Auf dem Weg zu dem Gemach, welches ihr Mandelion für die Dauer ihres Aufenthaltes zugewiesen hatte, war sie an der Halle der Stürme vorbeigekommen und die Erinnerungen an ihre Lehrstunden dort, hatten ihr Tränen in die Augen getrieben. Hätten sie damals schon um Merandils wahres Erbe gewusst, so hätten ihnen vielleicht ganz andere magische Wege offen gestanden. Vielleicht gab es schwarze Zauber, die man gegen die Schatten wenden konnte, solche, die Merandil mittels seiner dunklen Hälfte zu wirken imstande war, ohne Dimion etwas von seiner Lichtmagie preiszugeben.

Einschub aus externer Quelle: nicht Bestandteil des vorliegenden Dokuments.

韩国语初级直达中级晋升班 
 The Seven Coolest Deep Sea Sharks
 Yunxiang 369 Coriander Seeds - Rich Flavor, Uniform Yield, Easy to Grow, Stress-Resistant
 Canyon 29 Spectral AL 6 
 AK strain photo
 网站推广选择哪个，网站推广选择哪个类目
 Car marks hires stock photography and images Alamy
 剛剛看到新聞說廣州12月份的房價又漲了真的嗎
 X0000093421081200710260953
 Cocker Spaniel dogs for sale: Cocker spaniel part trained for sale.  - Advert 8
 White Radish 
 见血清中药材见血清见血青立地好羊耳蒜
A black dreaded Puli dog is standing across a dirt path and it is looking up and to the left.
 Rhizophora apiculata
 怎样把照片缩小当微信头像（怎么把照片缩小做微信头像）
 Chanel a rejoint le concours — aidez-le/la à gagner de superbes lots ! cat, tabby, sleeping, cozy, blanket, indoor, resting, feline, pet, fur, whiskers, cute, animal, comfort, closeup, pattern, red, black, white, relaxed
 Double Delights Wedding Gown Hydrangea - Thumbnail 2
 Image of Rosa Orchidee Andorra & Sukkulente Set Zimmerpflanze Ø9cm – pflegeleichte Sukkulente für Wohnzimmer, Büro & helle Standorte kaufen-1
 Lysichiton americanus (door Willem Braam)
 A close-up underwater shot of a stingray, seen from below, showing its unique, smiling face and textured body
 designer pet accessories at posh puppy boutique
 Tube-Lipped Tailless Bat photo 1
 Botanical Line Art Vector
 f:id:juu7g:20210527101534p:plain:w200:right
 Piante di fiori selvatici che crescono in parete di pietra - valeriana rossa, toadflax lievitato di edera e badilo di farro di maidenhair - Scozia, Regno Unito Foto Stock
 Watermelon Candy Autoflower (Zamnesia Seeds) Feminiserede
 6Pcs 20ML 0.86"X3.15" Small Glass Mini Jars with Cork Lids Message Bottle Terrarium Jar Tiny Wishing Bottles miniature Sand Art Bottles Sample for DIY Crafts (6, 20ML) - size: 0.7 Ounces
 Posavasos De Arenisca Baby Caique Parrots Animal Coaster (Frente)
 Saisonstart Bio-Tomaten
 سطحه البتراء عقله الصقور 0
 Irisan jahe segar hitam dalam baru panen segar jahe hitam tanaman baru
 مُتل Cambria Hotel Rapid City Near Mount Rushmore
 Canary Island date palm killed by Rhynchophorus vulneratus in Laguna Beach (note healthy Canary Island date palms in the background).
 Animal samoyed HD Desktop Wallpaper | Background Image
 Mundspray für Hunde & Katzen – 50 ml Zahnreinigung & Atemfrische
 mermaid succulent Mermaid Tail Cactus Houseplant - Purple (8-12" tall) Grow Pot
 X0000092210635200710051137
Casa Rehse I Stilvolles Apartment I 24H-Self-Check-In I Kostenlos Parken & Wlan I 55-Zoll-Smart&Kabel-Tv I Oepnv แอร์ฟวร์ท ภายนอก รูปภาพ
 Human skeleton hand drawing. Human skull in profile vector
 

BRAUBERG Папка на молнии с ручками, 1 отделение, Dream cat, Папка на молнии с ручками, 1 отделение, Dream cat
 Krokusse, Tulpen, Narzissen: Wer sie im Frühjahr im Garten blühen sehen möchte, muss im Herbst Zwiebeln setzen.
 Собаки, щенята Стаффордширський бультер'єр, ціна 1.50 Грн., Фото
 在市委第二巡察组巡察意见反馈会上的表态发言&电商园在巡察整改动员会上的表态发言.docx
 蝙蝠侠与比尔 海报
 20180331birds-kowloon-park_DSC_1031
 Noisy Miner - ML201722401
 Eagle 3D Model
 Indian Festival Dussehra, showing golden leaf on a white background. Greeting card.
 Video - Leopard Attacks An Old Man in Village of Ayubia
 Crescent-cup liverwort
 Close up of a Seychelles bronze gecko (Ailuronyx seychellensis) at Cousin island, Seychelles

Konnte es sein, dass die magischen Anlagen in ihm nicht miteinander verschmolzen, sondern getrennt voneinander anzapfbar waren? Sie musste Lyberion dazu befragen. Wenn ja, dann würde es ihrem Liebsten vielleicht gelingen, seinen Vater mit dessen eigenen Waffen zu schlagen.

Anais war überrascht gewesen, wie schnell Mandelion eingewilligt hatte, sie zu Kalea ziehen zu lassen, wenn diese ausfindig zu machen wäre. Sie hatte mit harten Verhandlungen gerechnet und sich im Kopf schon, die auch noch so abstrusesten Argumente zurechtgelegt, um ihn davon zu überzeugen, dass es das einzig Richtige wäre.

Doch der Fürst hatte sie nur mitleidig angesehen und gesagt:

„Du hast bereits unglaubliche Opfer auf dich genommen, um unser Reich zu sichern. Wenn es auch nur die geringste Hoffnung auf Erlösung für deinen Gatten gibt, so kann und will ich dir nicht verwehren, danach zu streben. Aber ich bitte dich um Eines...sollte es dir gelingen, ihn zu finden und du findest ihn derart verändert vor, dass sein Licht sich in Dunkelheit gewandelt hat, so sieh was er geworden ist und nicht was er einst war."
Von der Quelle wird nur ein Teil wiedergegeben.